In most countries, being a doctor is regarded as a highly prestigious occupation which many desire to attain. Accordingly, the average general practitioner in the United States earns an average of $186,044 per year, and the average specialist earns substantially more with an annual compensation of $339,738 per year. In China, however, the medical profession is not the prestigious occupation that it is in other countries. On the contrary, each year in China fewer people want to become doctors. Of the 600,000 students who undergo medical training per year, fewer than 100,000 become doctors, with most of the remainder seeking jobs in other health-related fields.

According to the World Health Organization, China has 2,466,000 medical practitioners, more than any other country. However, it also has 1.3 billion people, the largest population in the world. In contrast, the United States has 750,000 doctors for a population of 300 million people. In a recent survey by Lilac Garden, an online community of healthcare professionals, as many as 89% of China’s doctors have thought about quitting their profession. The primary reason for this is pay. According to the Economic Observer, a physician two months out of medical school earns less than $400 a month, or less than a U.S. doctor earns in one day. A doctor with ten years of experience in China can earn the U.S. equivalent of $1,640 per month. In contrast, a medical school graduate who decides against becoming a doctor can work as a pharmaceutical company representative and earn approximately $80,000 per year. Working for a pharmaceutical company is considered the most desirable job for someone attending medical school as it usually involves regular working hours, weekends off, and substantial pay benefits. In fact, 30% to 40% of China’s pharmaceutical staff is comprised of medical school graduates.

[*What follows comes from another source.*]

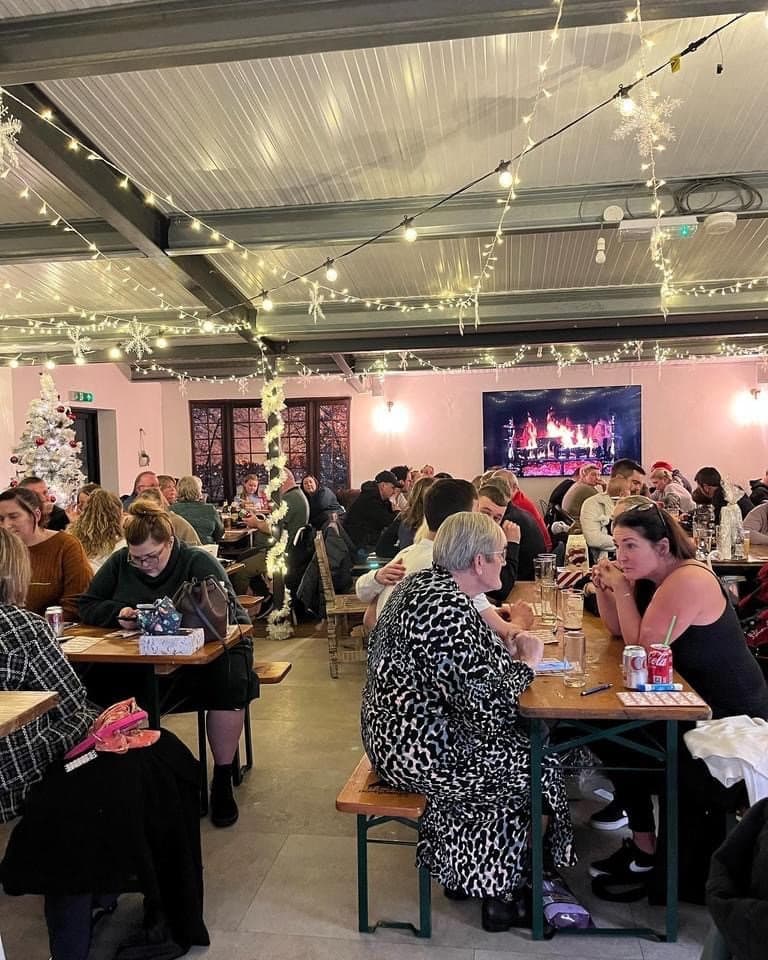 A full house at a festive evening in the skittle alley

Doctors are caught in a Catch 22 in regards to what they’re able to earn. According to Reuters, their pay is set to be in line with the pay scale for government workers. As such, it bears no resemblance to what doctors are paid in other countries. Although hospitals can pay bonuses to doctors, public hospitals are funded by the government and are normally strapped for cash. Therefore, bonuses are usually minimal or non-existent. In addition, the government is committed to making healthcare affordable for its 1.3 billion people. Increasing doctor’s salaries would substantially add to the country’s already rising healthcare costs. According to Time, under the current healthcare system, the cost for a patient to see an oncologist is approximately $1.25. With such low patient payments, hospitals may run a deficit given the fixed amount of funding coming from the government. In order to make up this shortfall most hospitals assign sales quotas to their employees, often having them prescribe more expensive drugs, or directing their patients to take those drugs more often.

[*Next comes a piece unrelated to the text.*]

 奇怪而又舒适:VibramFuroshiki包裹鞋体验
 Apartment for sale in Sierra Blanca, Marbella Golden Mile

Most doctors survive such low salaries by taking bribes. The most common form of bribe is the acceptance of a “hongbao,” or a cash-filled red envelope. This is often presented to a doctor prior to an operation or procedure so that he will take it seriously. In an example given by Time magazine, Huang Dongliang told of his uncle, a cancer patient, who was being ignored by his doctor until he was given a hongbao containing approximately $480. Once that happened, according to Huang, “We could feel an obvious difference. The doctor started to do more checkups, to give suggestions and advice and offered a detailed chemotherapy plan.” A hongbao is also given so that the presenter has the ability to jump the queue and move up on the waiting list for surgery or see the physician they prefer.

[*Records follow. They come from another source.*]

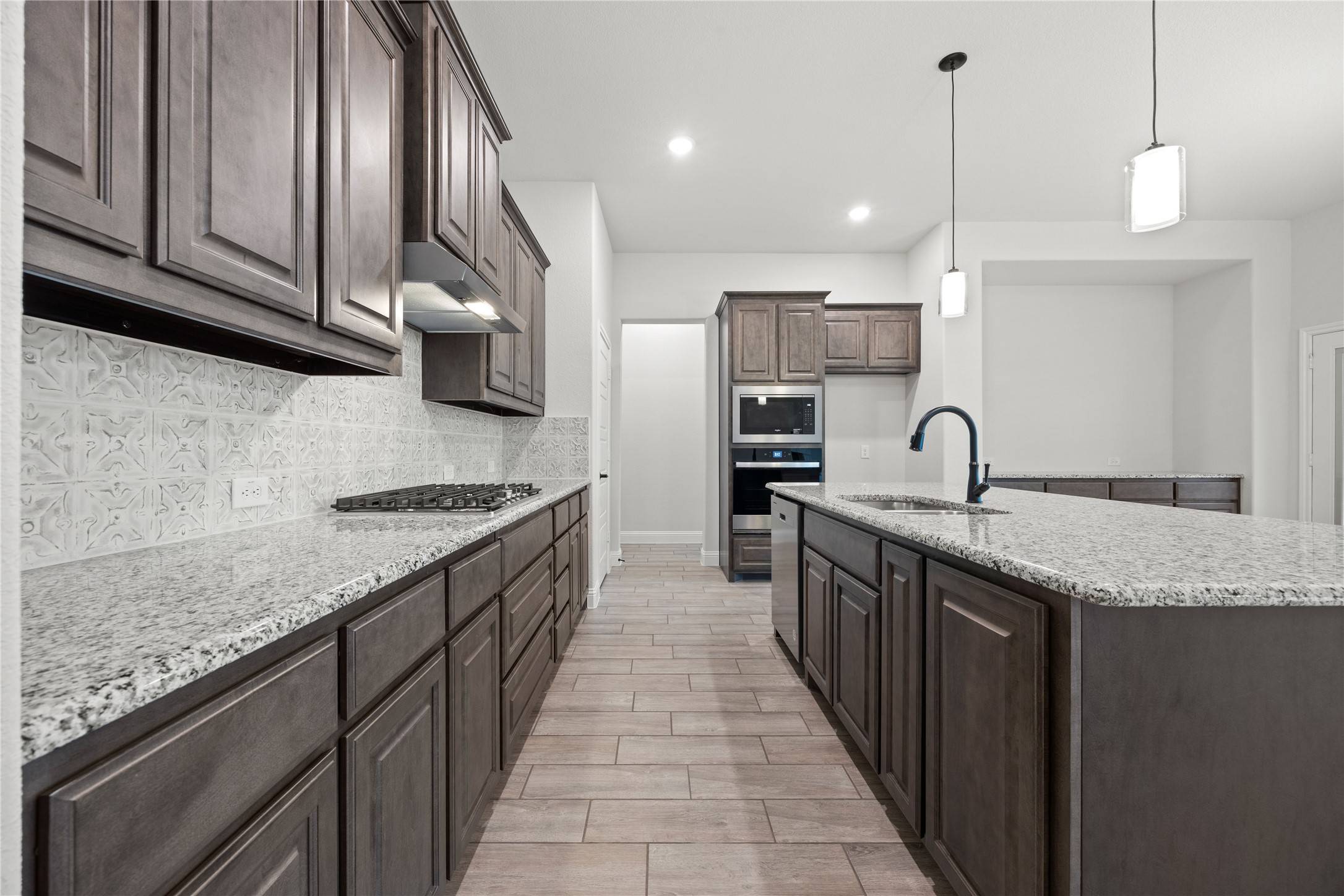Cleburne, TX 76033,1832 Sudbury DR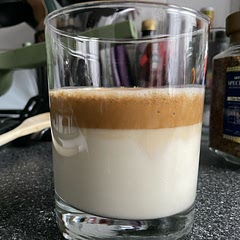 couldn't get it to fluff / stiffen. could have been the instant coffee I used (UCC special blend) or not enough power in my little hand-mixer, or both. but I still like how light and whipped the end result was. enjoyed over oat milk. will try again.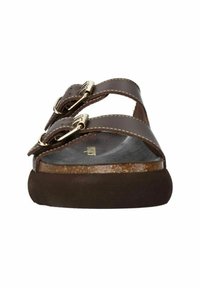 Bruine leren sandalen met twee verstelbare banden, metalen gespen, een gevormde kurken voetbed en een gestructureerde donkere zool.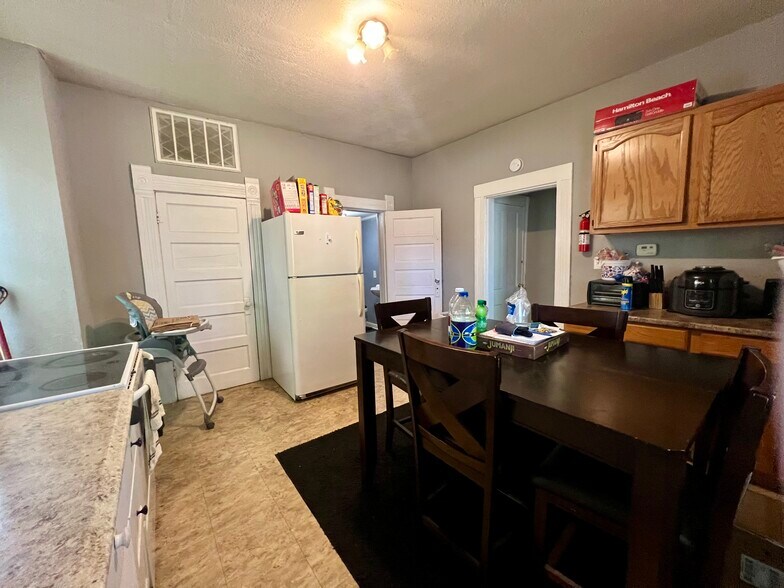 More Photos Of 2502 Pine Ave, Mattoon Apartments For Sale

The Chinese government knows about these bribes, but has been slow to reform the healthcare system. Reforming the system, and eliminating the need for bribes, would be an expensive alternative for a government already faced with rising healthcare costs. In 2005 there were 4 billion patient visits to Chinese hospitals. In 2011 that number increased to 6.2 billion visits. This increasing number of patient visits has put a strain on the country’s medical resources.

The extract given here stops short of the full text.